Quite. A species is clearly defined as a population that can interbreed and produce viable offspring.
okay.
So at the least, 'Kind' =! 'Species.'

There would be no point for God to decree, in Lev 19, not to let animals of different species breed together. Biology is already better at that than any fence.
 
Wait.
I thought that science HAS a definition of species, there are just areas and boundaries that don't quite conform to it? I mean, like all labels, it's an attempt to let us get a grasp on what's happening. And the biosphere is more complicated than our labels are comprehensive.

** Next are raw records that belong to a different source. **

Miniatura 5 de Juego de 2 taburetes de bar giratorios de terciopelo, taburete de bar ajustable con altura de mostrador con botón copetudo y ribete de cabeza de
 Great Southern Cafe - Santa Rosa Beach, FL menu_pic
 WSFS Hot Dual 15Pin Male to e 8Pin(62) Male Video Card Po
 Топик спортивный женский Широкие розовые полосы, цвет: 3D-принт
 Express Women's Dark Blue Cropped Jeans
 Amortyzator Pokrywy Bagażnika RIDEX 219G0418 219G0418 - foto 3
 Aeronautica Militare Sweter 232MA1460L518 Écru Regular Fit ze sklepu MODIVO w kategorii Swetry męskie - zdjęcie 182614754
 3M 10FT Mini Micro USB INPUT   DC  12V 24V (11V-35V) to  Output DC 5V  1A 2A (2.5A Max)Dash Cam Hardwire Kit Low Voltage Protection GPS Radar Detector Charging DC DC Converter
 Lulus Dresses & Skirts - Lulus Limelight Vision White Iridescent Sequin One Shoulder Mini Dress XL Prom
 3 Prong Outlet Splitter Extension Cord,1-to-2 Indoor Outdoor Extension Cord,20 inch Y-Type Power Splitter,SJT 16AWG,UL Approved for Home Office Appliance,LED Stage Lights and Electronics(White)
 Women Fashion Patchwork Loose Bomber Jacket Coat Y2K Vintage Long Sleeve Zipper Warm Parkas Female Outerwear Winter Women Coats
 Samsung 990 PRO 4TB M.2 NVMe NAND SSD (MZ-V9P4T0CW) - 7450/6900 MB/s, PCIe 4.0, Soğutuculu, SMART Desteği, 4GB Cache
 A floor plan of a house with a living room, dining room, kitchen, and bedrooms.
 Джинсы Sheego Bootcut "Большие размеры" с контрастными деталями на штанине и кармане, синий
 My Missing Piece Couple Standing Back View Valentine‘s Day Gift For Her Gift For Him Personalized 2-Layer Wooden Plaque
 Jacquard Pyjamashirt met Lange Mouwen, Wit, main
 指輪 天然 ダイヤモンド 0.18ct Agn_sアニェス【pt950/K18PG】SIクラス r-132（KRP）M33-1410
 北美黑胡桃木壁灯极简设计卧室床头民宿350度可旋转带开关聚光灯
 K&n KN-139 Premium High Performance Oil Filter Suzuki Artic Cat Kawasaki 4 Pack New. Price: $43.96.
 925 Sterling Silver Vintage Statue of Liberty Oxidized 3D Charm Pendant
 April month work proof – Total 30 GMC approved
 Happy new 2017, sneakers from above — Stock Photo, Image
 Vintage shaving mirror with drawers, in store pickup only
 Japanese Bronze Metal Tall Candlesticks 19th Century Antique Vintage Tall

But... Do any two creationists offer the same definition of 'kind?' Is the fuzziness of 'kind' at all analogous to the incompleteness of 'species?'
And when creationists use 'information theory' are they all using the same (however robust) definition as information theory specialists?
IS this a comparable tit-for-tat?
Or is it just a tit-from-twit?

Quite. A species is clearly defined as a population that can interbreed and produce viable offspring.

[...]

That's what they teach schoolchildren. The reality is a bit more complicated as you mention.
 
Well, we're talking about school textbooks, anyway. That's where creationism is aimed, at what we tell people when they're more impressionable.

But even if it's like an onion, different levels of complexity at different levels of scholarship, there IS a definition of species, no? For as far as it goes, for as useful as it needs to be at differing levels of research, the word means something.

But when rhutchin says 'mutations cannot increase complexity,' for example, he has no coherent definition of the word, making his objection meaningless.